How to pop a list item in Cython?

Simon King

unread,

Oct 19, 2011, 10:26:37 AM10/19/11

to sage-support

Hi!

I found that L.pop(0) (where L is a list) tends to be relatively slow
in Cython - even if L is cdefined as list.

Google pointed me to some discussion about a Cython optimisation for
L.pop(0), but it is not clear to me whether the optimisation actually
made it into Sage. Can you tell me the status?

Can you show me a way to be faster than what Cython makes of L.pop(0)?
What I found (see below) is faster on small lists, but not so good on
longer lists. Also it doesn't change the list in place.

Best regards,
Simon

%cython
include "python.pxi"
cpdef f(list l):
return l.pop(0),l
cpdef g(list l):
return l[0], PyList_GetSlice(l,1,PyList_GET_SIZE(l))

g is faster than f for lists of size 60, at least on sagenb. I am
aware that g does not change l in place - actually I would prefer if
it did.

Simon King

unread,

Oct 19, 2011, 1:49:56 PM10/19/11

to sage-support

It might be a good idea to use collections.deque, not lists. First
tests seem to indicate that their popleft() is faster than a list's
pop(0).

Alexander Juarez

unread,

Oct 19, 2011, 1:58:24 PM10/19/11

to sage-s...@googlegroups.com

I think I found the collections.deque() to be faster that than the
list.pop() which makes sense if the list is implemented as a linked
list object. And the collections uses a array implementation.

Sent from my iPhone

> --
> To post to this group, send email to sage-s...@googlegroups.com
> To unsubscribe from this group, send email to sage-support...@googlegroups.com
> For more options, visit this group at http://groups.google.com/group/sage-support
> URL: http://www.sagemath.org

Simon King

unread,

Oct 19, 2011, 2:57:02 PM10/19/11

to sage-support

Simon King

unread,

Oct 19, 2011, 3:42:44 PM10/19/11

to sage-support

Hi Alexander and all,

First of all, sorry that I posted twice the same - google groups
reported an error when I first tried to post.

On 19 Okt., 19:58, Alexander Juarez <coua...@gmail.com> wrote:
> I think I found the collections.deque() to be faster that than the
> list.pop() which makes sense if the list is implemented as a linked
> list object. And the collections uses a array implementation.

In contrast to my first tests, it meanwhile seems to me that the
L[0], PyList_GetSlice(L,1,PyList_GET_SIZE(L))
idiom is faster than deque in my applications. Recall that this was
the fastest replacement for pop(0), if the lists are not too long
(which will probably be the case in my applications).

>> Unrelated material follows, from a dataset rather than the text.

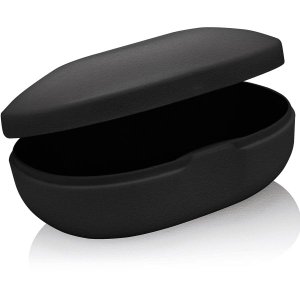 Saboneteira Para Viagem Bolsa Academia Porta Sabonete Barra Preto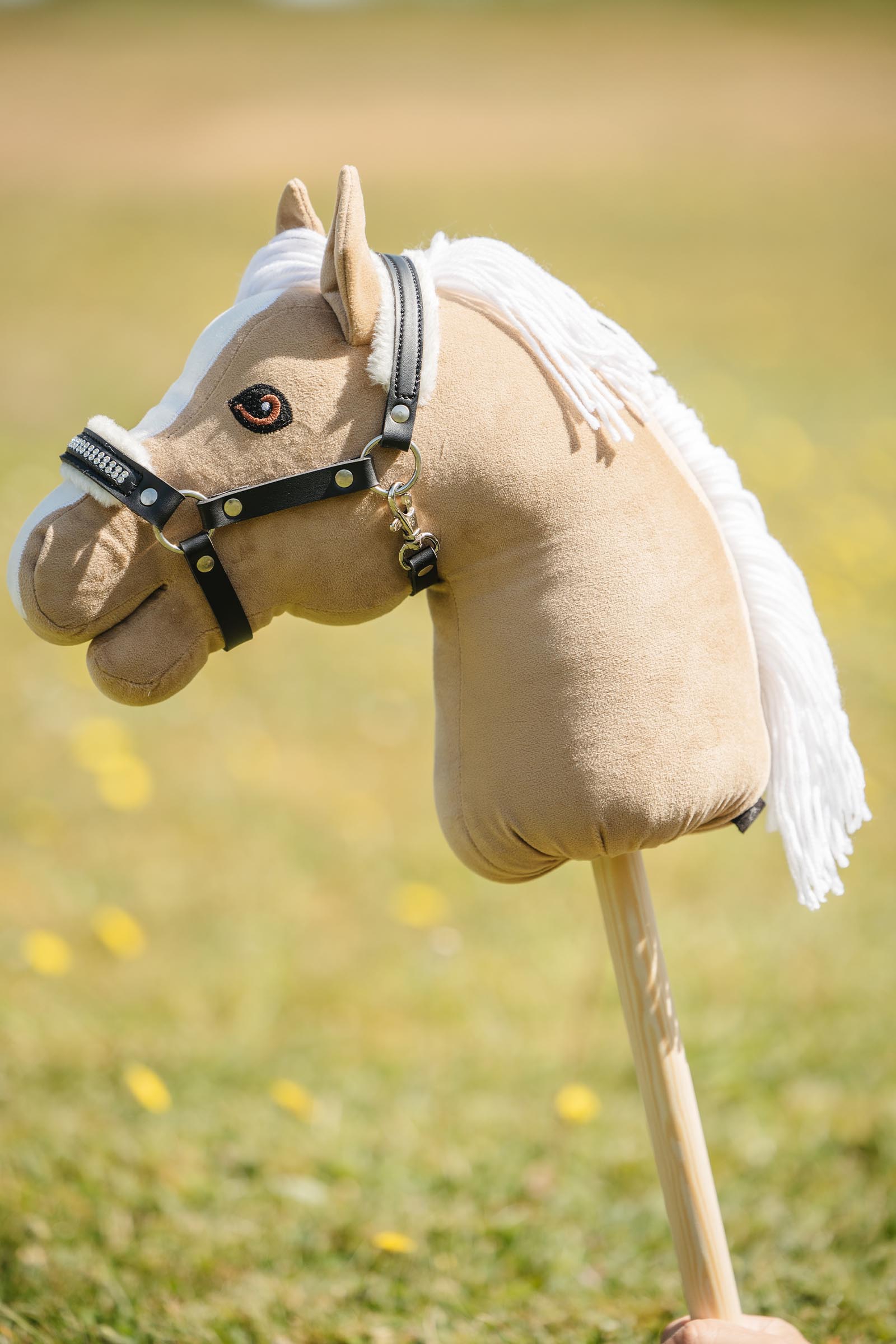 My Hobby Horse licol avec peluche et pierres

After all, "collections" is Python, not Cython.

Nevertheless, I'd still appreciate to learn a Cython replacement for
pop(0) that is fast on long lists as well.

I found this:
http://www.mail-archive.com/cytho...@codespeak.net/msg07518.html
but Sturla Molden's trick didn't work for me: Cython complained about
an incomplete type.

Best regards,
Simon

Robert Bradshaw

unread,

Oct 20, 2011, 12:59:53 AM10/20/11

to sage-s...@googlegroups.com

On Wed, Oct 19, 2011 at 12:42 PM, Simon King <simon...@uni-jena.de> wrote:
> Hi Alexander and all,
>
> First of all, sorry that I posted twice the same - google groups
> reported an error when I first tried to post.
>
> On 19 Okt., 19:58, Alexander Juarez <coua...@gmail.com> wrote:
>> I think I found the collections.deque() to be faster that than the
>> list.pop() which makes sense if the list is implemented as a linked
>> list object. And the collections uses a array implementation.
>
> In contrast to my first tests, it meanwhile seems to me that the
> L[0], PyList_GetSlice(L,1,PyList_GET_SIZE(L))
> idiom is faster than deque in my applications. Recall that this was
> the fastest replacement for pop(0), if the lists are not too long
> (which will probably be the case in my applications).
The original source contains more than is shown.